>>>

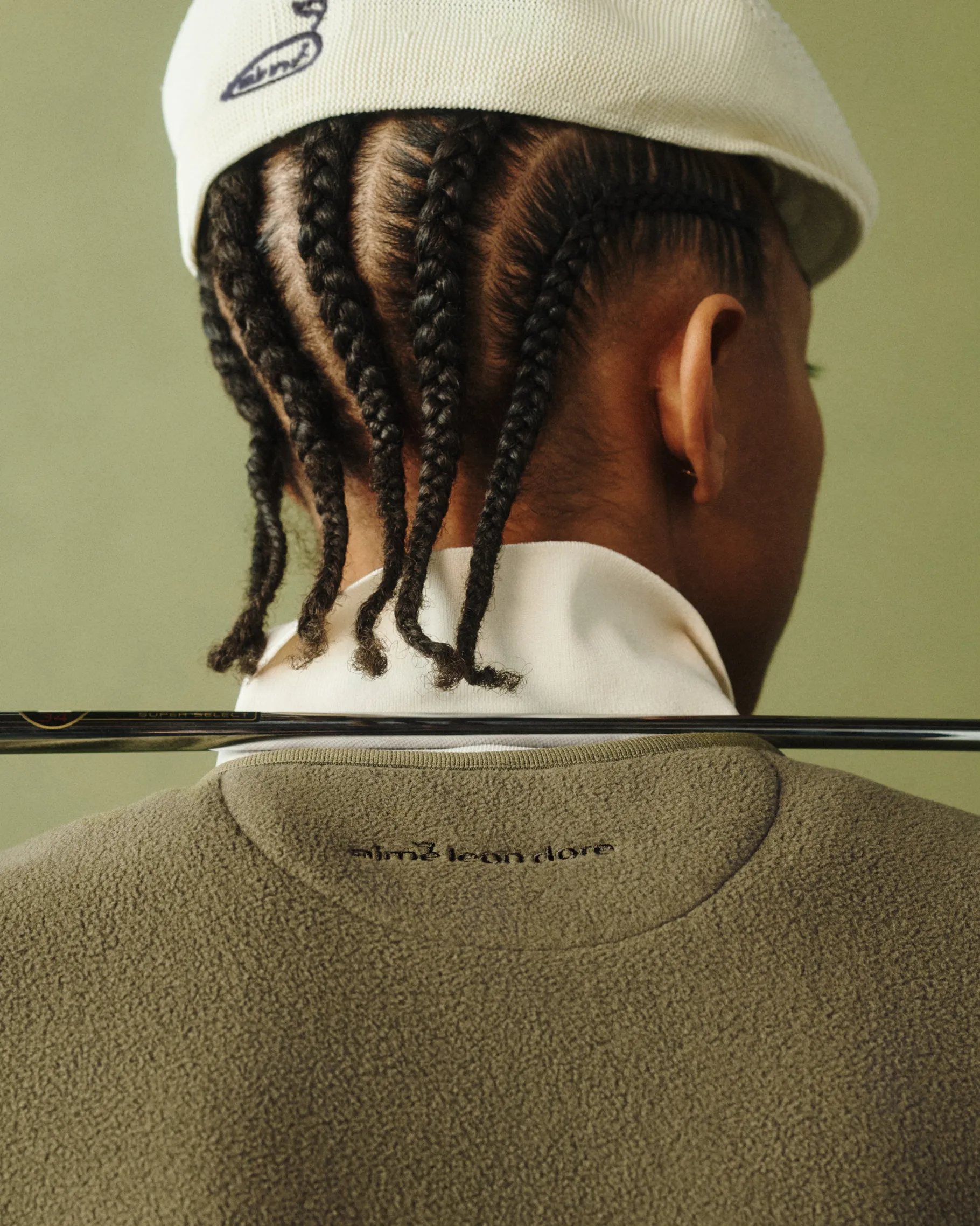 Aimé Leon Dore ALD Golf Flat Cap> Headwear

<<<
>>>

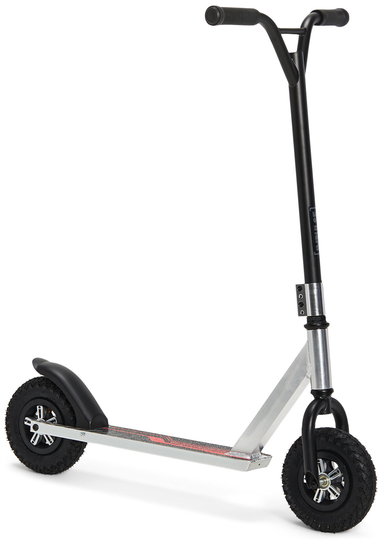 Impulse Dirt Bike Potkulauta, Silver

<<<
>>>

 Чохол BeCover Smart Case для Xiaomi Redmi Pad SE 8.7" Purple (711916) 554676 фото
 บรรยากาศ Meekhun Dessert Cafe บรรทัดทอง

<<<

◆ **The problem**: Please reproduce the lines from the line with "Чохол BeCover Smart" to the line with "บรรยากาศ Meekhun Dessert Cafe บรรทัดทอง", both ends included, exactly as they appear above.

◆ **Written response**:
 Чохол BeCover Smart Case для Xiaomi Redmi Pad SE 8.7" Purple (711916) 554676 фото
 บรรยากาศ Meekhun Dessert Cafe บรรทัดทอง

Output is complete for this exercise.